A summary of the Dodd-Frank Wall Street Reform And Consumer Protection Act posted on the Senate Banking Committee’s Web site said the “say on pay” provision “gives shareholders a powerful opportunity to hold accountable executives of the companies they own, and a chance to disapprove where they see the kind of misguided incentive schemes that threatened individual companies and in turn the broader economy.”
The bill also directs the Securities and Exchange Commission (SEC) to clarify compensation disclosures, including requiring companies to provide charts that compare their executive compensation with stock performance over a five-year period.
Further, the bill requires federal financial regulators to issue and enforce joint compensation rules applicable to financial institutions with a Federal regulator.
The Senate passed the bill 60-39, largely along party lines (three Republicans voted for the measure, one Democrat did not), following House passage last month; the measure now goes to the White House where President Obama has promised to sign it.
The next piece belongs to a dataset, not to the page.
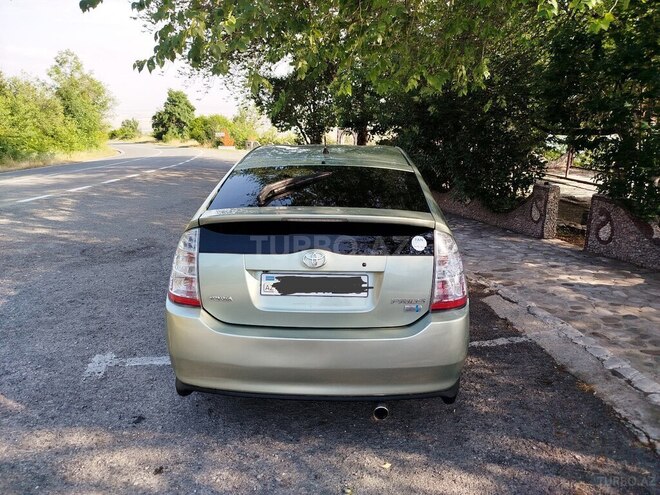 Toyota Prius-2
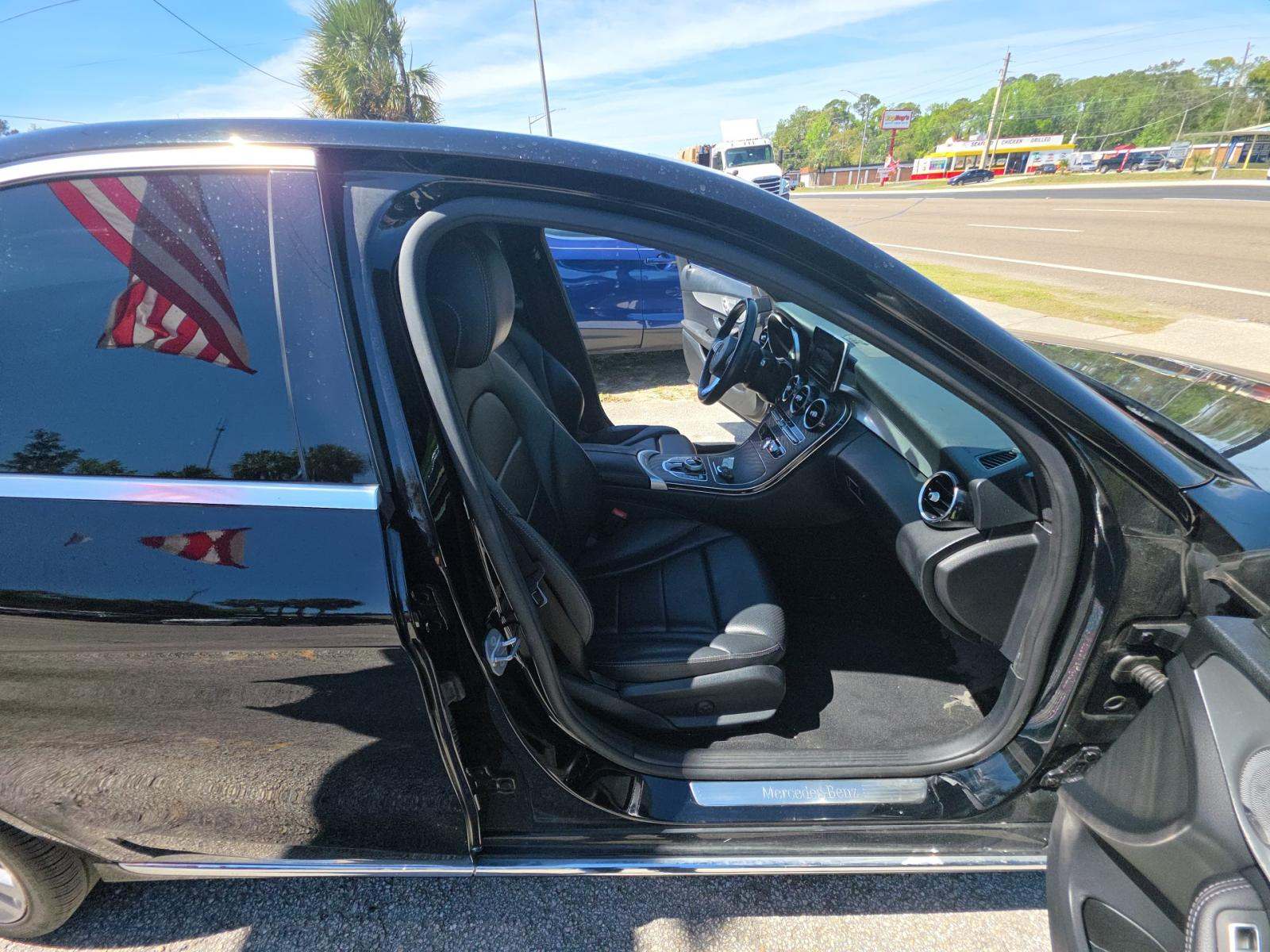 2018 Mercedes-Benz C-Class C 300 RWD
According to the committee summary, other compliance-related provisions in the bill include:
- authority given to the SEC to grant shareholders proxy access to nominate directors.
- establishment of standards for listing on an exchange to require that compensation committees include only independent directors and have authority to hire compensation consultants to strengthen their independence from the executives.
- requirements that public companies set policies to take back executive compensation if it was based on inaccurate financial statements that don’t comply with accounting standards.
The Banking Committee summary is here.
A study released in June by Towers Watson found that relatively few U.S. companies are well prepared to put their executive pay programs up to a say-on-pay shareholder vote, although many are taking steps to get ready (see U.S. Companies Preparing for Say-on-Pay Legislation).